As my bump grew bigger and the start of maternity leave loomed, I began to hear it from acquaintances, friends and strangers:
‘Enjoy every minute’
It was as innocuous as all the other pregnancy small talk, and I didn’t think much of it as they waved me off towards motherhood with those three little words. I certainly wasn’t ‘enjoying every minute’ of pregnancy, but I was really looking forward to meeting the baby and enjoying every minute of this new adventure.
Birth was swift and uncomplicated. Not something I enjoyed every minute of – but a positive experience nonetheless. Euphoria hit before the cord was even cut. This was amazing – I really was enjoying every minute, just like they promised. I was enjoying getting to know this new and mysterious creature; gazing at him; cuddling him; sharing the news. Despite the aches and pains and bleeding, I was even enjoying my post-partum body. I marvelled at what it had just done, and promised never to be critical about its wobbly bits and stretch marks.
This was amazing – I was enjoying every minute.
Twenty four hours later, we were home. Just like that, we’d transformed from a couple to a family. Despite the sleeplessness and bafflement at it all, we were so focused on this new adventure. There was no overtired snappiness, because we were both so dedicated to this new little person. Together, we were putting our all into this, with only love and support for one another. Together, we were enjoying every minute.

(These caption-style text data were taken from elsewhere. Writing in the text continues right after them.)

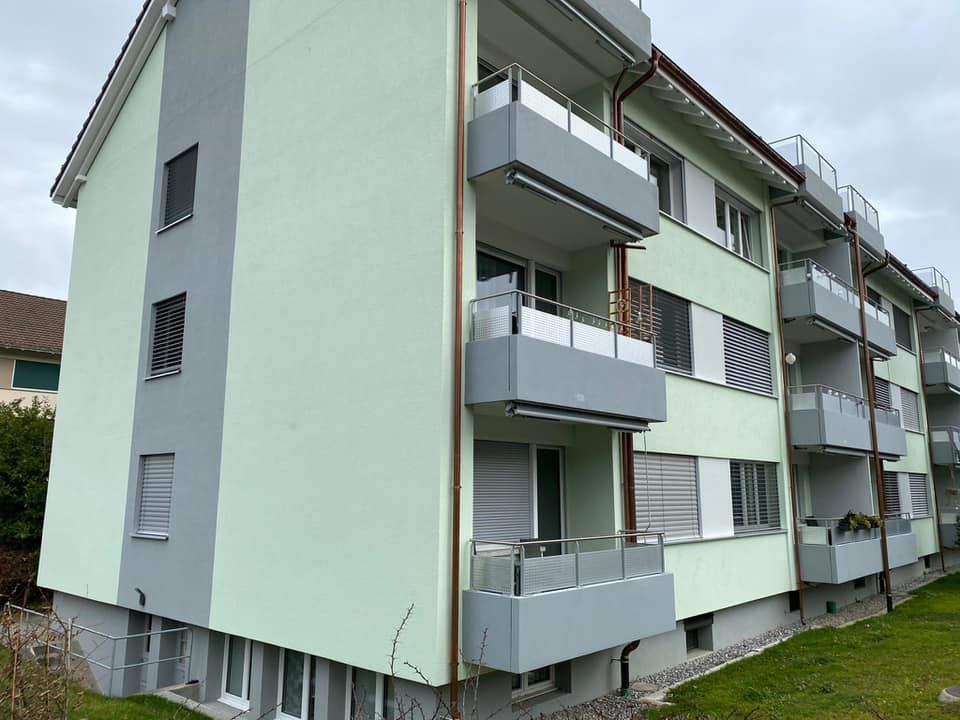 Sanierte Fassade eines Mehrfamilienhauses mit 42 Wohnungen in Ostermundigen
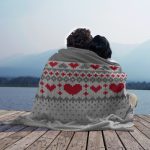 Plaid original tricotant à partir de fil bicolore avec un motif-coeur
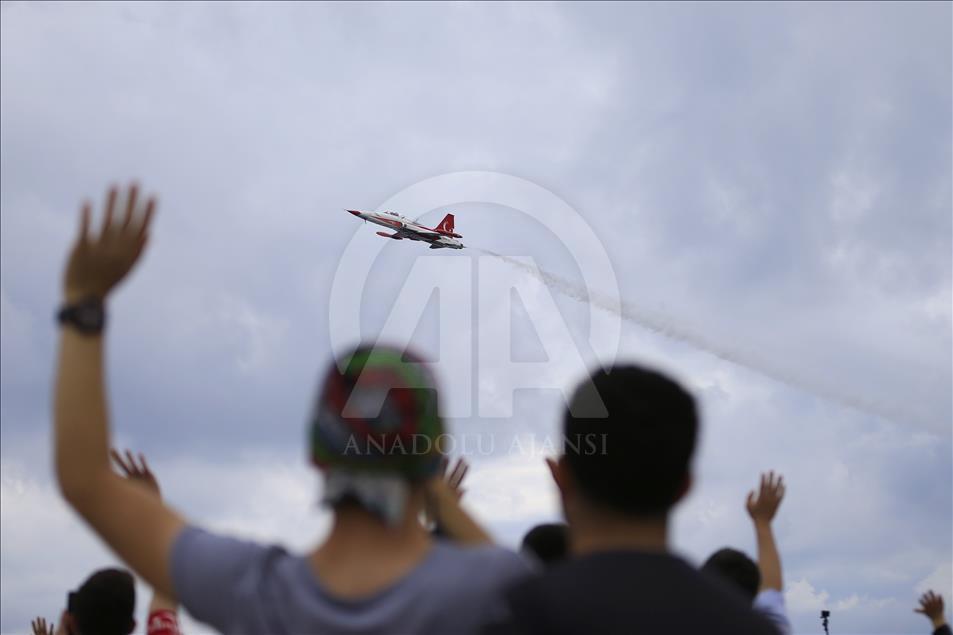Türk Yıldızları Antalya'da gösteri yaptı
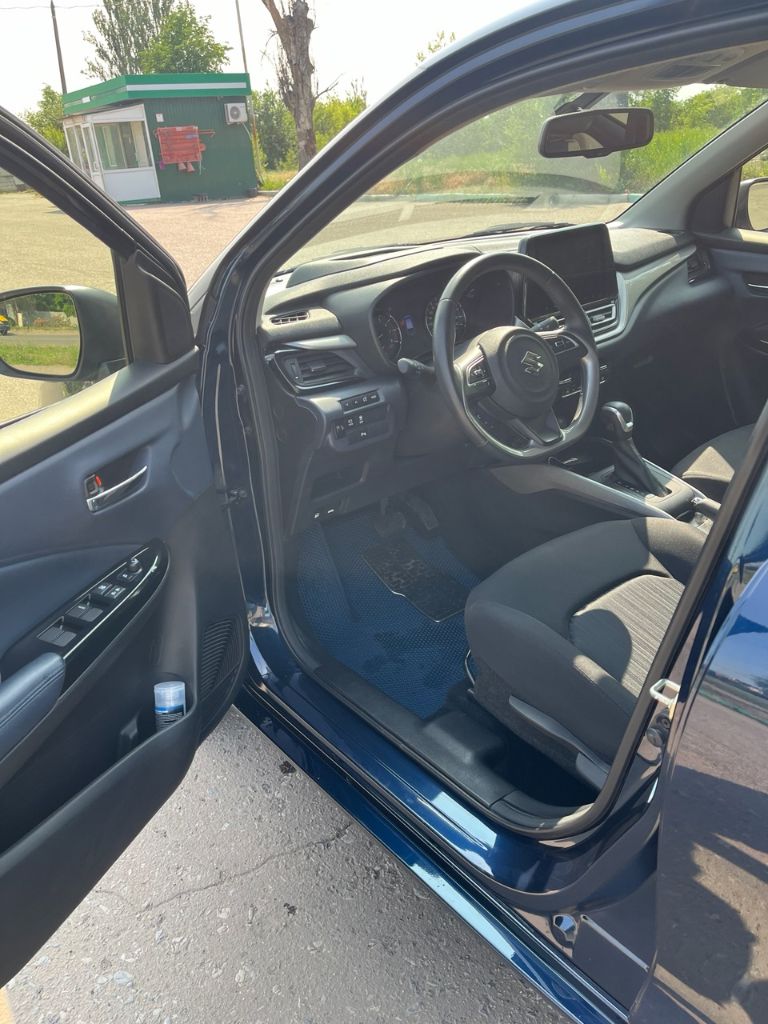 Продам suzuki baleno 2023 года. акпп объем 1.5, пробег 23800. машина в идеальном состоянии круговой обзор камер раздельный климат-контроль круиз-контроль корректор фар складывающиеся зеркала мультируль проекция скорости на лобовом стекле новая резина good year цена 2 🍋 все вопросы в телефонном режиме +7-949-322-77-07 - фотография - 7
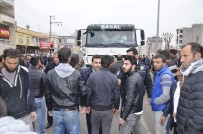 Kaza Sonrası Mahalleli Yolu Trafiğe Kapattı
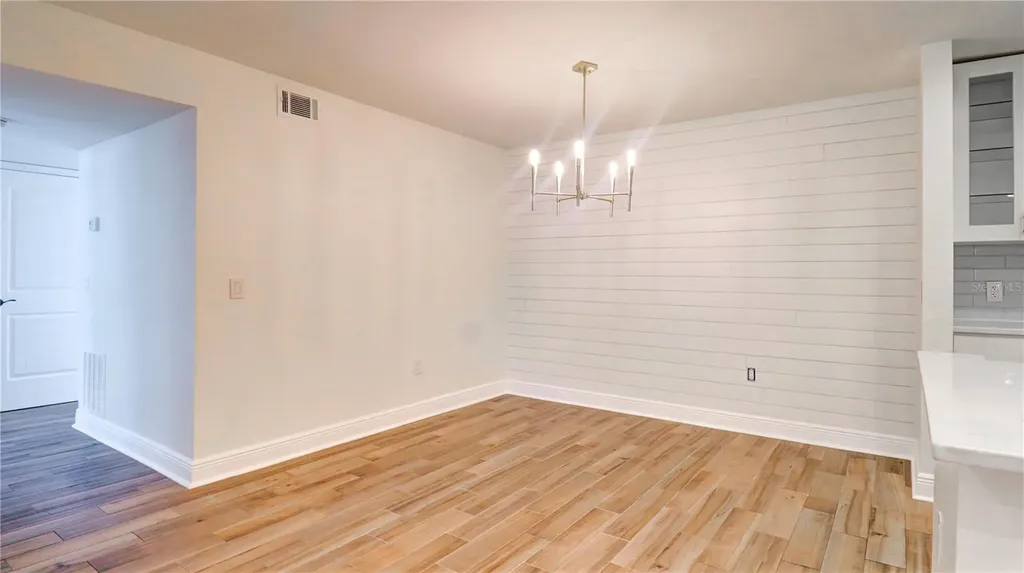 9481 Highland Oak Drive Tampa FL 33647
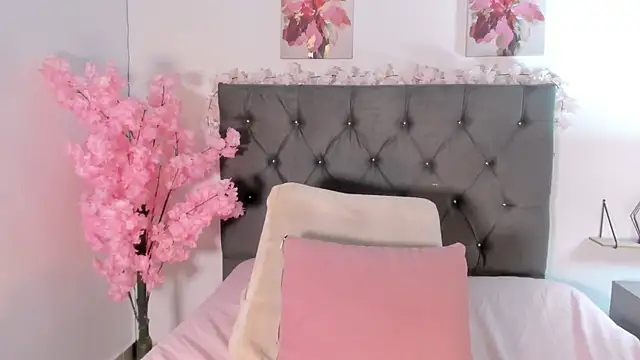 Chat +18 de SagiraBelle ao vivo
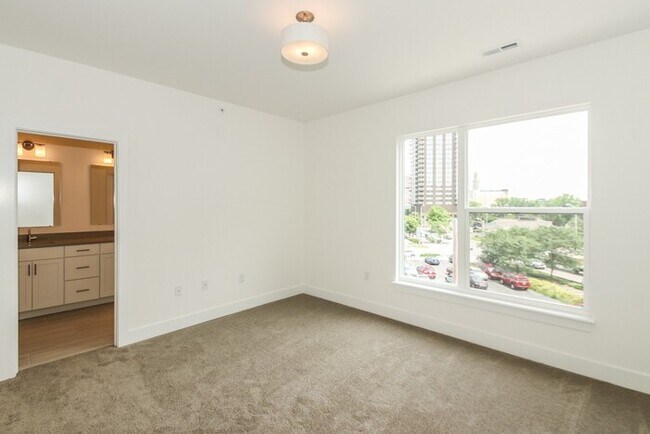Building Photo - Townhome in Downtown Indianapolis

The euphoria continued. Days and nights blurred into one and we were enjoying every minute of this wonderful journey. We took the baby to cafes, parties, bars and restaurants. Life was carrying on as normal, we told ourselves – but with the added bonus of strangers’ admiring gazes everywhere we went.
Then Day 4 hit. The day I’d been warned me about. Everything ached. I lay on the floor and cried. How could I be simultaneously this sore, all over? Didn’t my body know I was meant to be enjoying every minute?
I was meant to be keeping up with my old life, whilst embracing my new one.
I was meant to be brilliant at this, because everyone said I would be.
But anxiety was creeping in. What if the baby fell out of the sling while I hung out washing? What if I lost control of the pram at the traffic lights? What if I fell down the stairs and this precious bundle tumbled out of my arms?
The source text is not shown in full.